▶ _REQUIRED ACTION_
Leaving the pictures aside, transcribe only and exactly the lines from the one with "Black maxi dress" through the end of the entries, both included.

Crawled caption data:
####

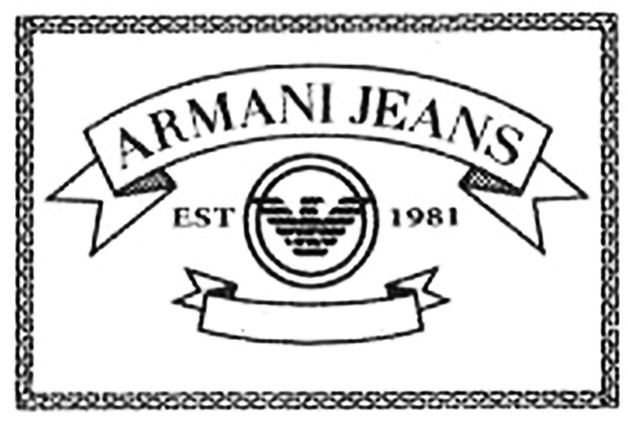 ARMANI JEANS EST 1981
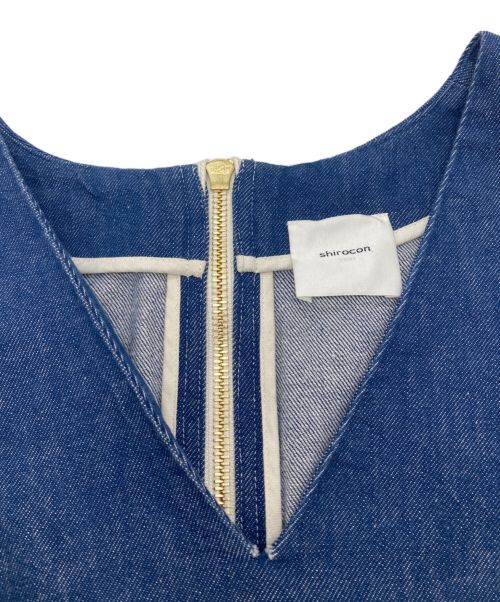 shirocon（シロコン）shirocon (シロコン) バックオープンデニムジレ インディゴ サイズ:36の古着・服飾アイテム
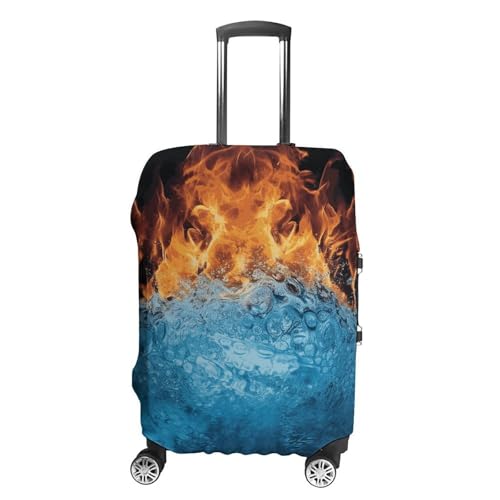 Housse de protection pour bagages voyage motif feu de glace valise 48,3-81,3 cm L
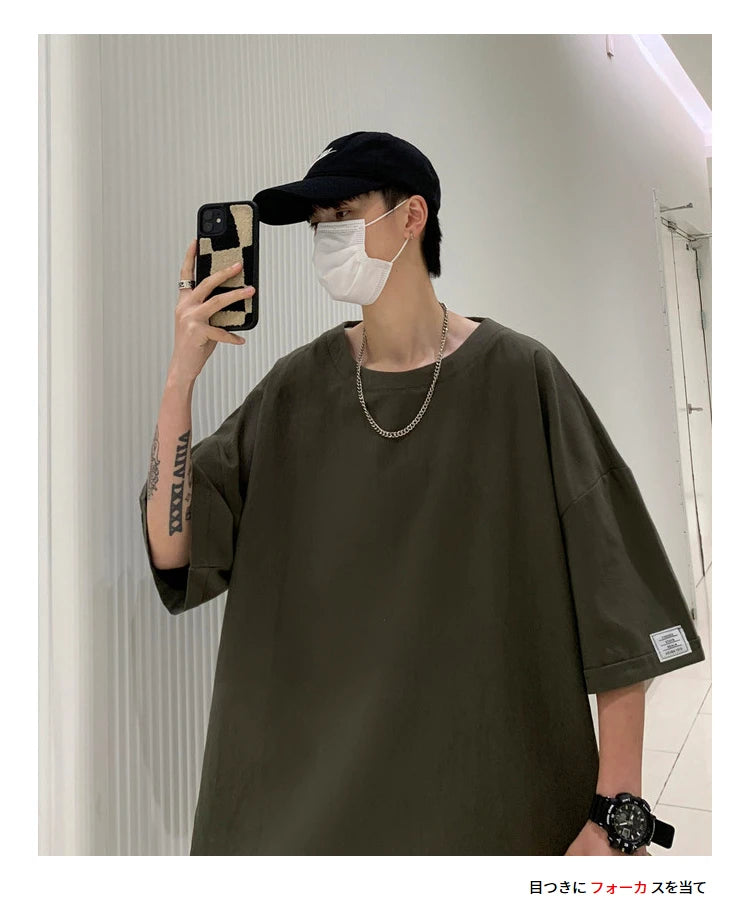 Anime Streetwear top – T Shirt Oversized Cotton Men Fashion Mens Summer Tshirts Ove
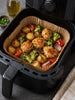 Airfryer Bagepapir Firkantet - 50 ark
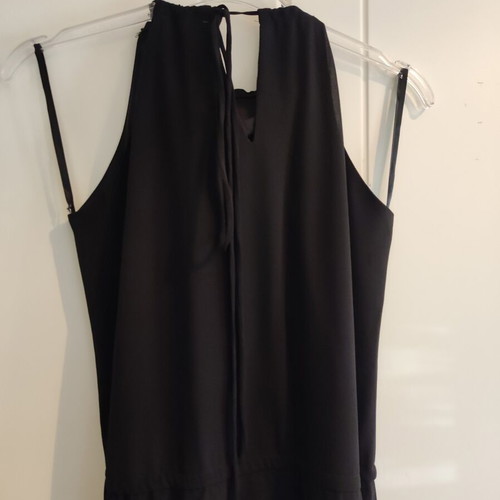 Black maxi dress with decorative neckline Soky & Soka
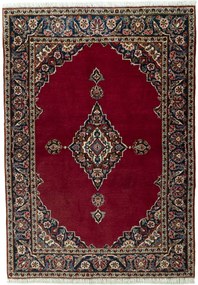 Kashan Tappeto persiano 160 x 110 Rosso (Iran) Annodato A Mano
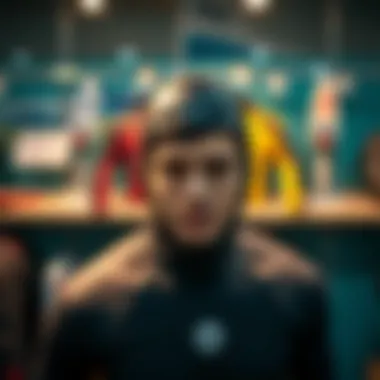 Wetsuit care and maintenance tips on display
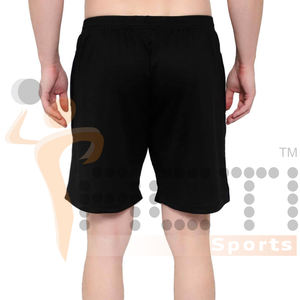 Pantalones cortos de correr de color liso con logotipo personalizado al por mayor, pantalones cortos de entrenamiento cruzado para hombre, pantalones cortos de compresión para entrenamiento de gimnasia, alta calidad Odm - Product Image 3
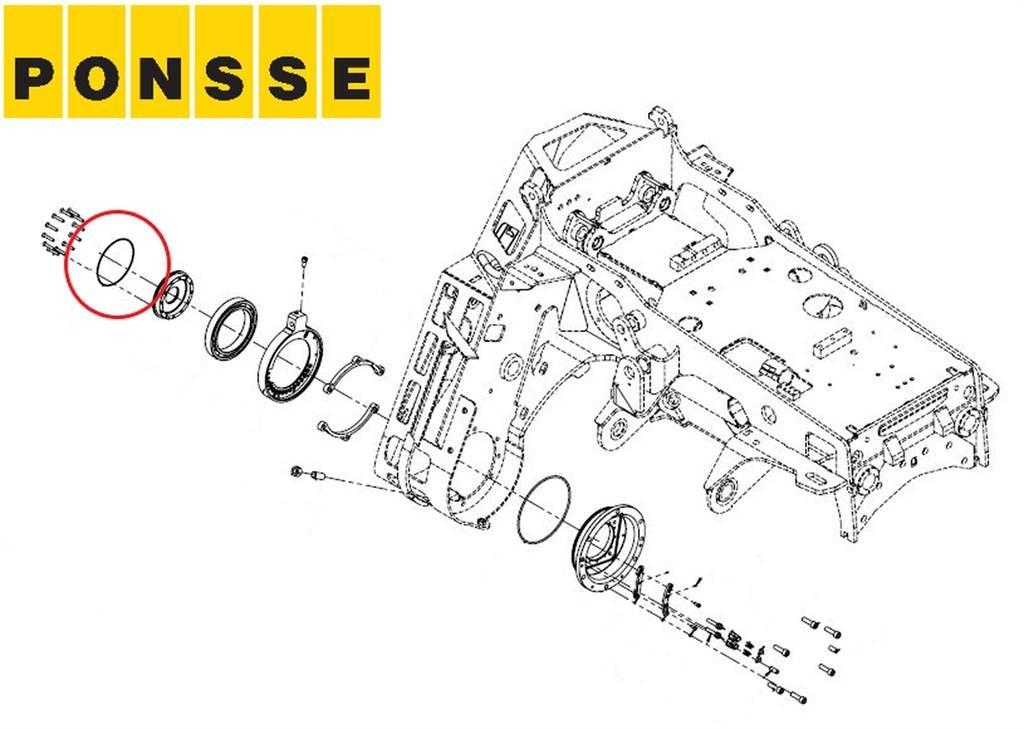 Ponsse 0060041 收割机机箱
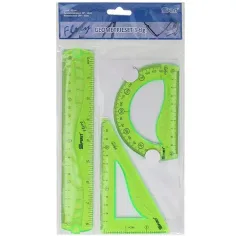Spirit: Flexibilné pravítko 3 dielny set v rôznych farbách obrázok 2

####

▶ _OUTPUT BELOW_
 Black maxi dress with decorative neckline Soky & Soka
 Kashan Tappeto persiano 160 x 110 Rosso (Iran) Annodato A Mano
 Wetsuit care and maintenance tips on display
 Pantalones cortos de correr de color liso con logotipo personalizado al por mayor, pantalones cortos de entrenamiento cruzado para hombre, pantalones cortos de compresión para entrenamiento de gimnasia, alta calidad Odm - Product Image 3
 Ponsse 0060041 收割机机箱
Spirit: Flexibilné pravítko 3 dielny set v rôznych farbách obrázok 2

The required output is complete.